The paper derives an elegant identity:

Component Effect
More autonomy Lower human cost, higher error risk
More escalation Higher cost, lower error risk

This produces a reliability-cost frontier:

Entropy Threshold Safe Completion Human Touches per Case
1.5 55.6% 3.02
2.0 49.6% 2.26
2.25 45.2% 1.90

There is no free lunch. Only trade-offs.

Findings — What actually predicts agent performance

The paper validates its framework with a simulated agent trained on 80% of the data and tested on 20%.

Two findings matter:

1. Simple probabilities beat intuition

The metric:

  • m(s) = max π(a|s) (top predicted action probability)

Tracks real-world accuracy within 3.4 percentage points.

Translation:

You don’t need a better model. You need to respect the probability distribution you already have.

2. Path dependence dominates outcomes

Even when individual steps are accurate, small uncertainties compound.

Metric Value at h₀ = 2.0
Cases staying in autonomous zone 42.3%
Fully correct zero-touch completion 16.1%

That gap is the cost of stochasticity.

Implications — What businesses should actually do

The paper quietly dismantles a common enterprise instinct:

“Let’s deploy first, then monitor.”

No.

You already have the data to audit your agent—before it exists.

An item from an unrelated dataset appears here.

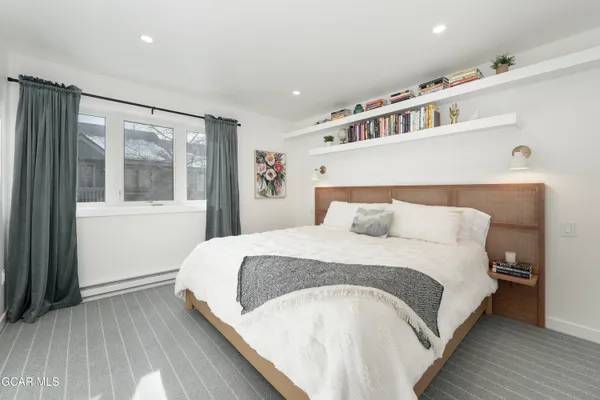 a large white bed in a white room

1. Pre-deployment audits should become standard

Before building an agent:

  • Measure state-action support
  • Identify high-entropy decision points
  • Quantify blind-spot mass

This tells you where autonomy is justified.

2. Most workflows are partially automatable—not fully

The data suggests a layered architecture:

Zone Strategy
High support, low entropy Full autonomy
Medium uncertainty Assisted automation
High entropy / high risk Human control

In practice, this resembles a selective autonomy system, not a fully autonomous agent.

3. ROI is constrained by oversight, not model quality

This is the paper’s most commercially relevant insight.

If your agent requires frequent escalation:

  • Human cost dominates
  • ROI collapses

Which explains why so many AI projects fail—not technically, but economically.

4. More context can make things worse

Refining the state (adding value, actor, context):

  • Improves realism
  • Expands state space
  • Increases blind-spot mass

In short:

The more “intelligent” your system becomes, the less statistically supported it may be.

A slightly ironic outcome.

Conclusion — The uncomfortable truth about agentic AI

The paper does not argue that agents are unreliable.

It argues something more precise—and more inconvenient:

Most enterprise workflows were never statistically designed to support autonomy in the first place.

The implication is clear.

Agent deployment is not a modeling problem. It is a data support problem disguised as intelligence.

And until businesses start auditing that support, they will continue to deploy agents that look competent in isolation—and fail spectacularly in sequence.

Subtle, predictable, and entirely avoidable.


Cognaptus: Automate the Present, Incubate the Future.